Disguised as an Italian playboy, the British comedian had an awkward interview with the disgraced football star that aired on Sunday's finale of "Who Is America?"
/ Source: TODAY

Comedian Sacha Baron Cohen interviewed O.J. Simpson for Sunday night's finale of his controversial Showtime series "Who Is America," an awkward exchange that featured the disguised comedian trying to prod Simpson into confessing to murder.

Disguised as an Italian playboy named Gio Monaldo, Baron Cohen awkwardly joked with Simpson about wanting to murder his own girlfriend, and tried unsuccessfully to get the former NFL great to admit to killing his ex-wife, Nicole Brown Simpson.

Moments into the video, which Deadline reported was filmed with a hidden camera, Baron Cohen, dressed as Monaldo, introduces Simpson to a woman he calls his girlfriend. As he attempts to explain who Simpson is to her, he mimics a stabbing motion, causing her to laugh in recognition.

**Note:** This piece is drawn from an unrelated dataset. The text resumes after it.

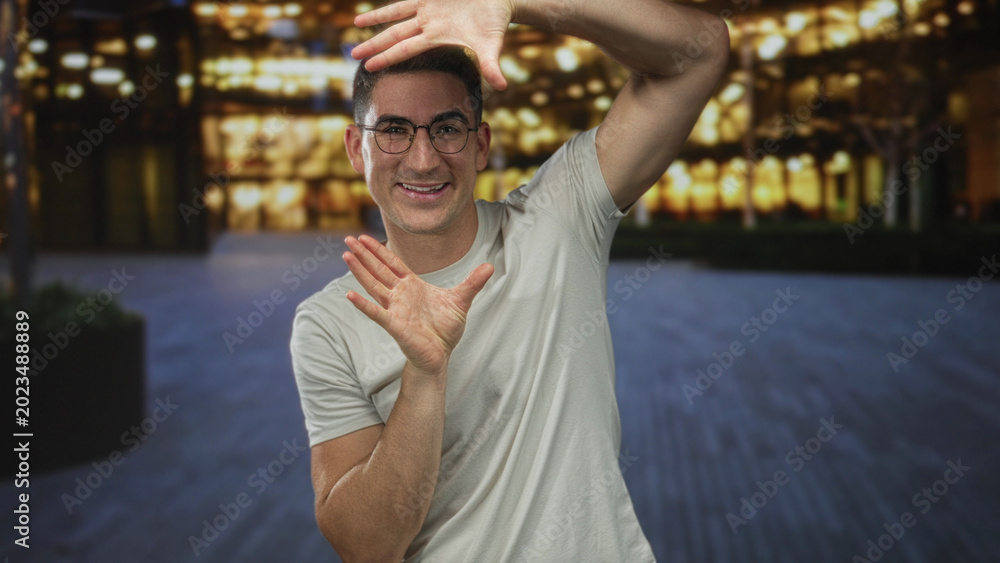 Fototapeta premium Man framing with hands and smiling in front of illuminated building at night; playful creativity inspiration.
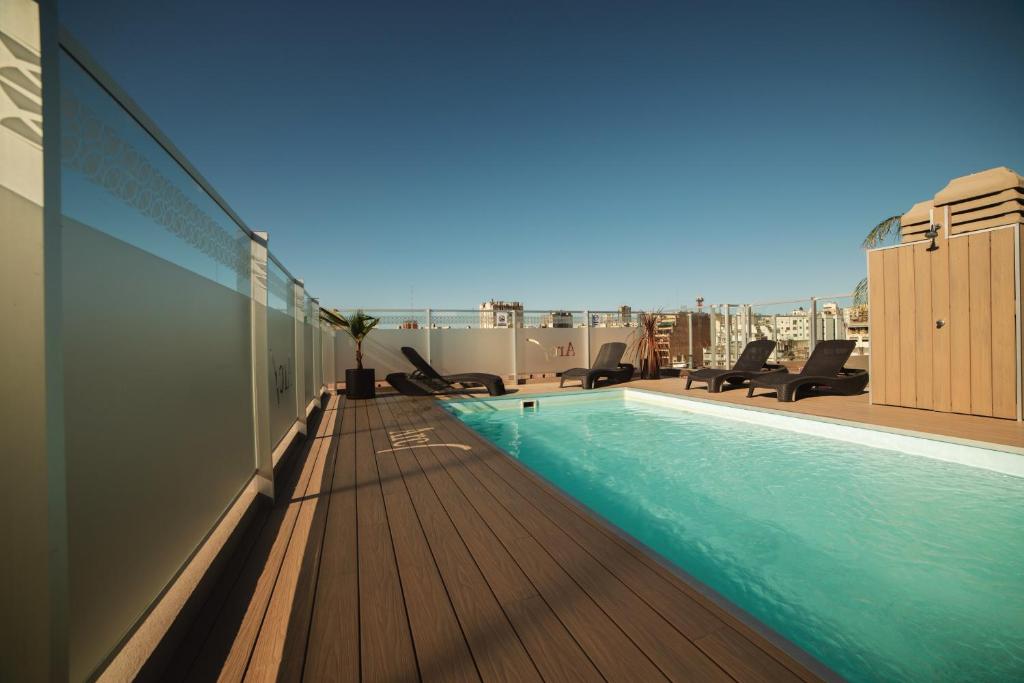 a swimming pool on the roof of a building at ARC Abasto Studios in Buenos Aires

"She’s gorgeous, but sometimes I want to kill her, you know," Baron Cohen says later. "I want to send her on a private helicopter tour over the Grand Canyon — oopsy daisy!"

"Oopsy daisy," Simpson replies, laughing along.

Simpson, 71, was released from prison in October after serving nine years for a 2007 kidnapping and robbery in Las Vegas.

In 1995, he was famously acquitted of murder in the killings of his ex-wife and Ron Goldman. He was later found liable for their deaths in a civil case and ordered to pay $33.5 million to their families.

During the sit-down with Simpson, Baron Cohen explained he had a business partner who wanted a private meeting to discuss Simpson's ex-wife.

"He’s obsessed about what happened the night with the wife and he wants you to tell him," Baron Cohen says.

"What wife?" Simpson asks.

"The one you shot,'' Baron Cohen replies.

"Well, first of all, she wasn’t my wife," Simpson says. "We had been divorced and separated for two years. Except that I didn’t do it ... I didn't get away with nothing."

Baron Cohen also joked that if he did kill his girlfriend, he would have Simpson introduce him to Johnnie Cochran, the lawyer who helped get Simpson acquitted for the 1994 murders. Cochran died in 2005.

"I’d have to introduce you in the afterlife," Simpson says.

"What, you didn’t kill him too, did you?" Baron Cohen jokes.

"Stop! Jesus Christ, man!" Simpson replies.

Simpson joins a long list of high-profile figures duped by Baron Cohen for the series, among them former Vice President Dick Cheney, former Senate candidate Roy Moore, and Sarah Palin.

In Cheney's case, the former vice president agreed to autograph a "waterboard kit," while Moore, who during his Senate campaign in Alabama last year was accused of having sexually assaulted teenage girls in his past, allowed the comedian to use a phony "pedophile detector" on him.

In July, Palin came out publicly to say she had been duped by Baron Cohen, but her interview never aired. Her name was listed under "Special Publicity Consultant (Inadvertent)" during the credits of Sunday's finale.